> **Problem**
Emit a verbatim copy of the lines below from the line with "Erna v. Graf" through the line with "збір зерна на полях України", excluding pictures and everything outside that range.

Records to process Block Start

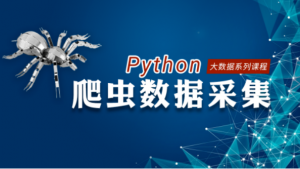 【优品课堂】Python 网络爬虫数据采集 视频课程
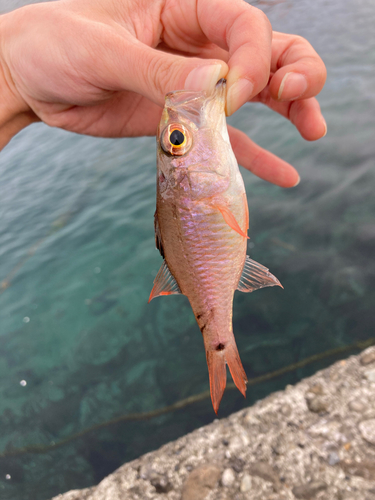 クロホシイシモチの釣果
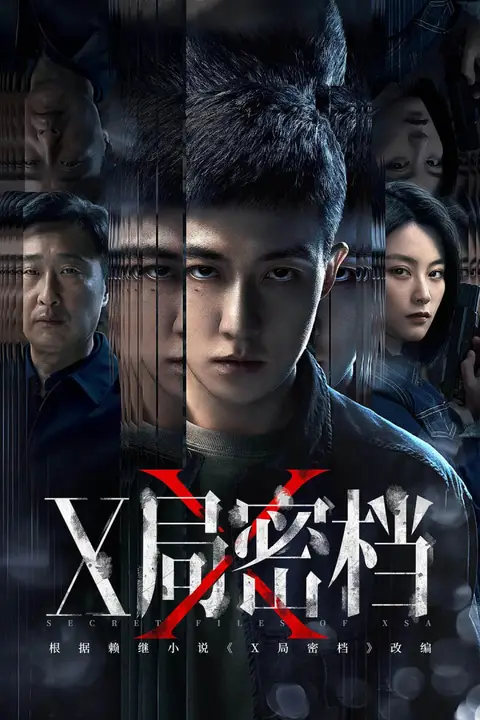 《X局密档》封面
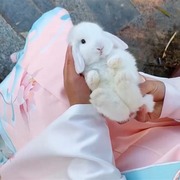 宠物小兔子活物白色垂耳兔活体侏儒兔茶杯兔儿童养的小动物小白兔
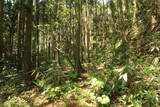 出羽 観音寺城の写真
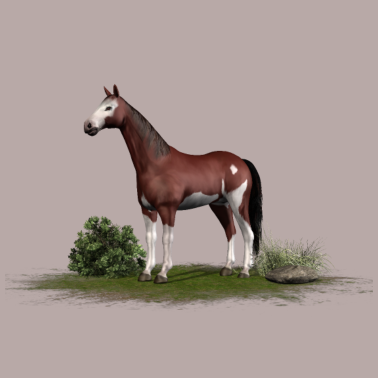 Motiv Pferd - braunes Pferd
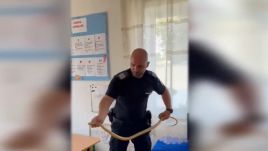 Pánik: kígyó zavarta meg a választást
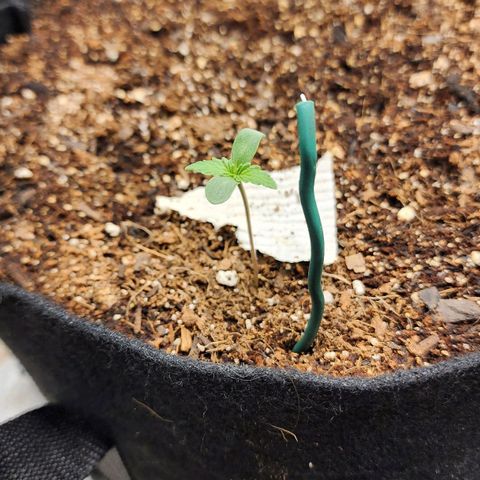 Methane #2 growlog timeline photo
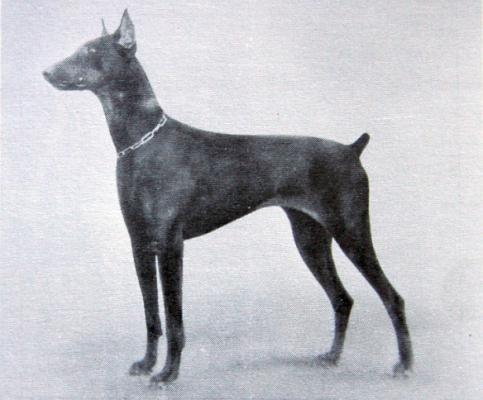 Erna v. Graf Zeppelin | Black Doberman Pinscher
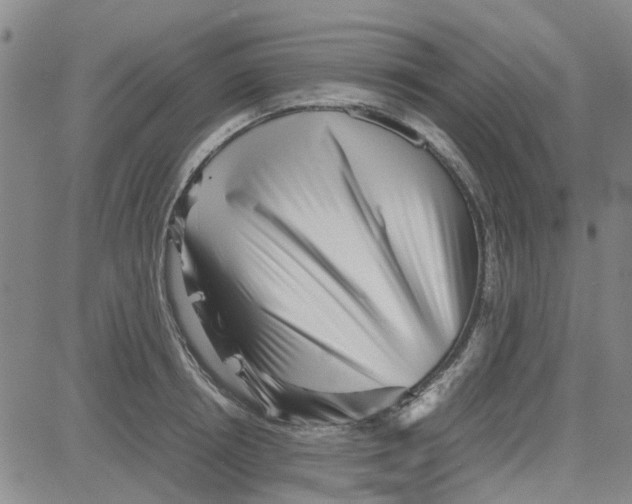 X0000080120850200701051352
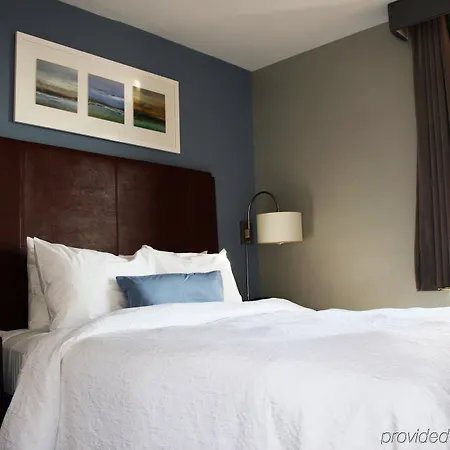 Hampton By Hilton Seaport 2* New York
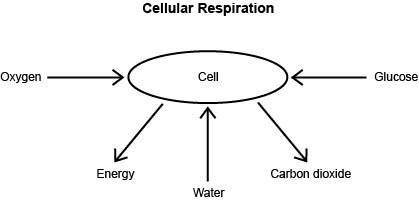 A student made the following diagram to represent cellular respiration. Why is this diagram incorrec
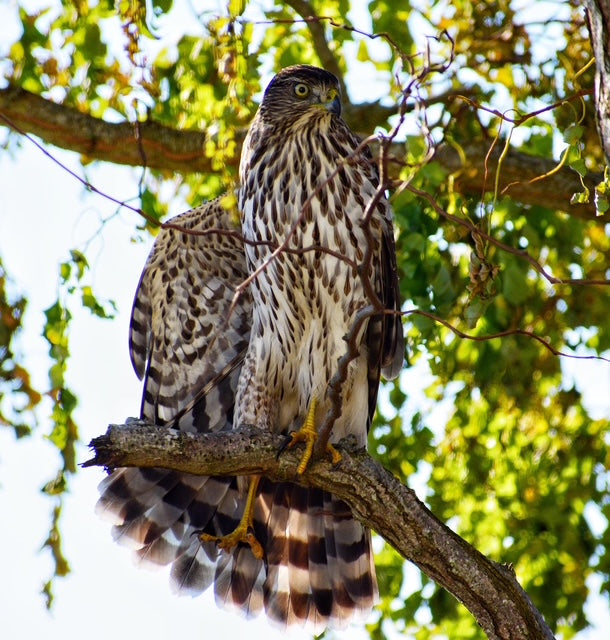 The Animals That Shape My Craft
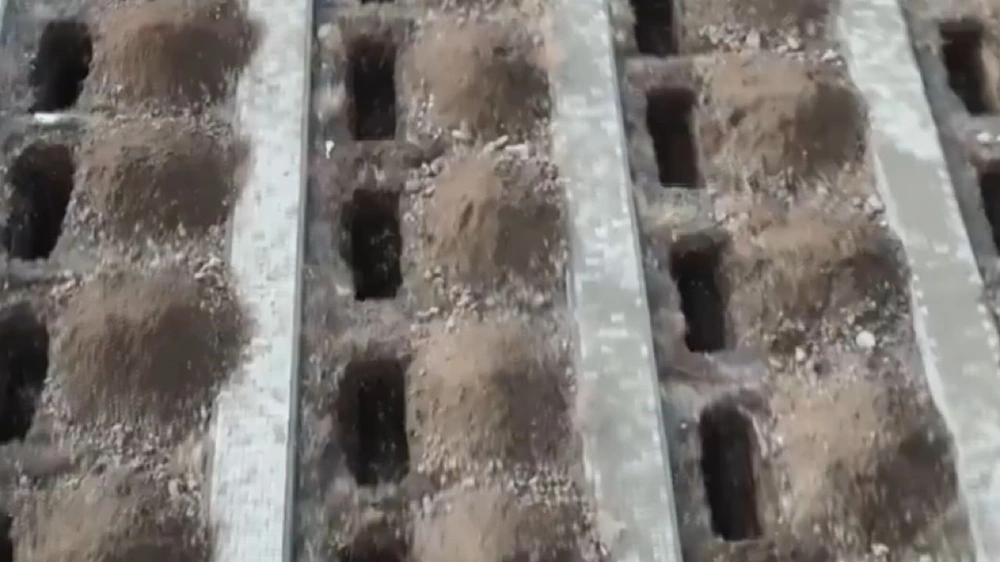 WhatsApp Image 2025-11-21 at 9.30.31 PM.jpeg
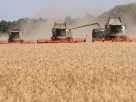 збір зерна на полях України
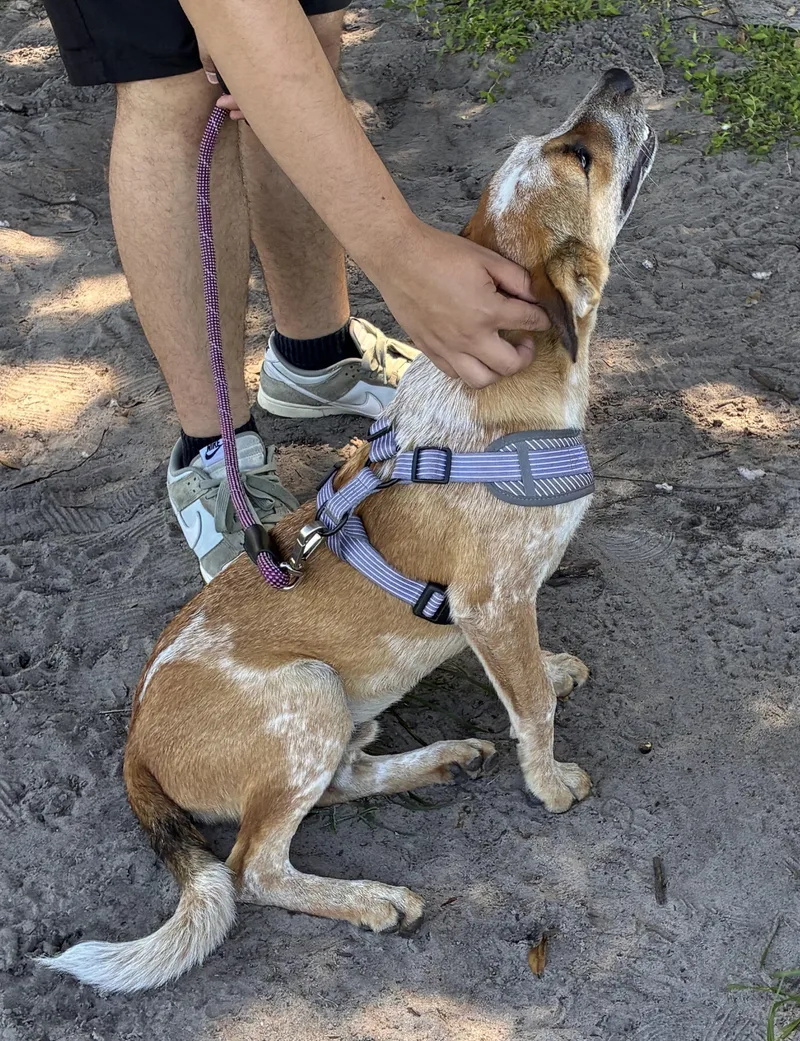 A young medium-sized male Australian Cattle Dog / Blue Heeler dog named James for adoption in Ruskin, FL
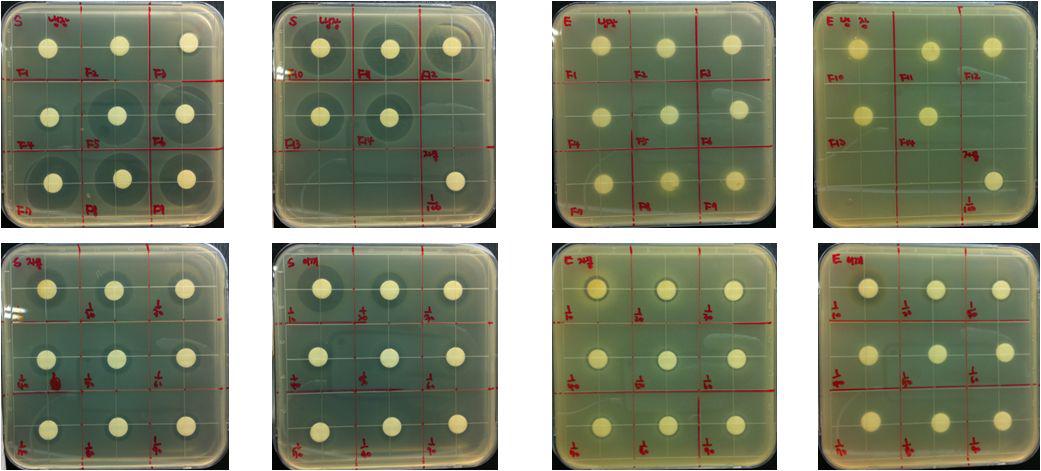 항균활성 비교 결과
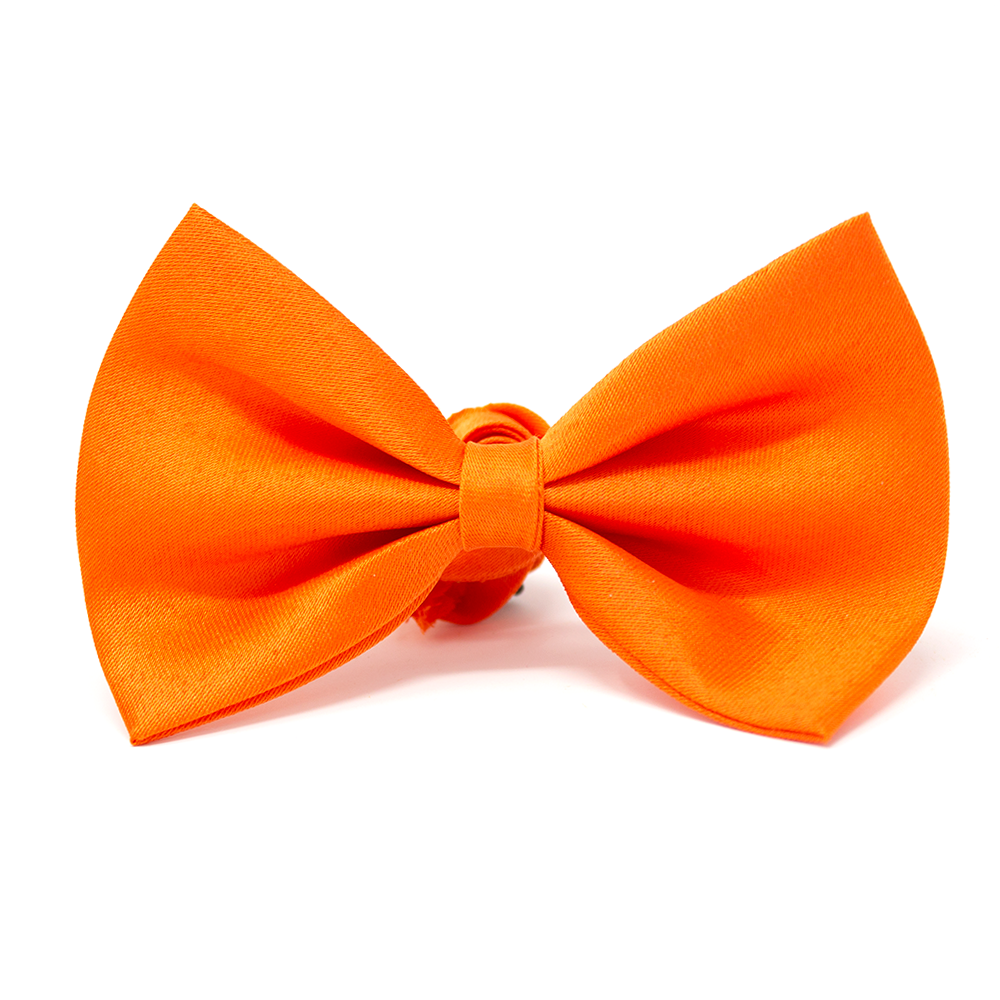 Orange Satin Dog Bow Tie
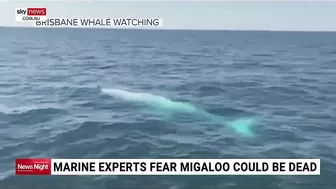 Whale washes up on beach in eastern Victoria prompting fears from marine experts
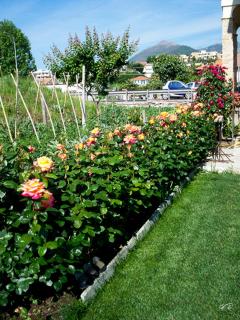 Guest House Arancia145 - 7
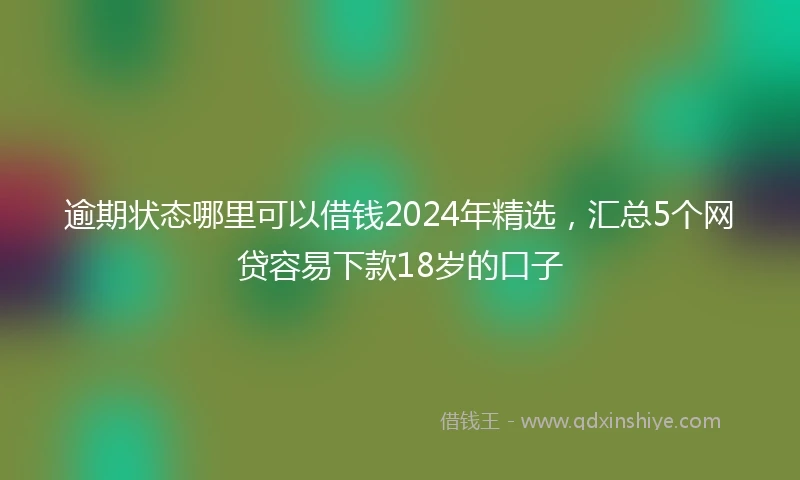 逾期状态哪里可以借钱2024年精选，汇总5个网贷容易下款18岁的口子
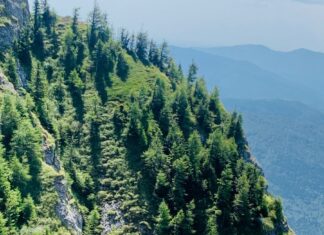 Drumețiile montane – excelentă formă de mişcare şi fitness!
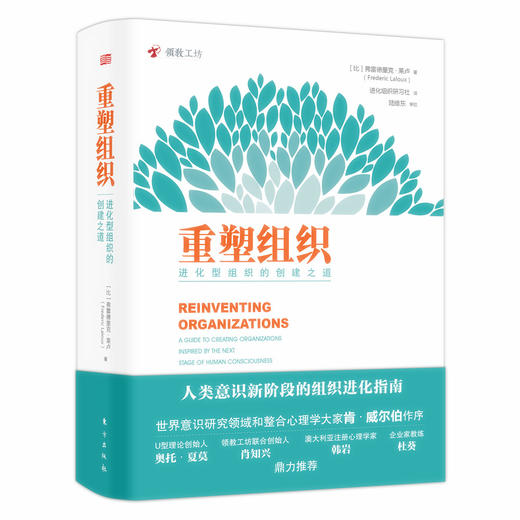 《重塑组织：进化型组织的创建之道》+《重塑组织：插画精简版》2本装 商品图7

Records to process Block End

> **Answer for this exercise**
 Erna v. Graf Zeppelin | Black Doberman Pinscher
 X0000080120850200701051352
 Hampton By Hilton Seaport 2* New York
 A student made the following diagram to represent cellular respiration. Why is this diagram incorrec
 The Animals That Shape My Craft
 WhatsApp Image 2025-11-21 at 9.30.31 PM.jpeg
 збір зерна на полях України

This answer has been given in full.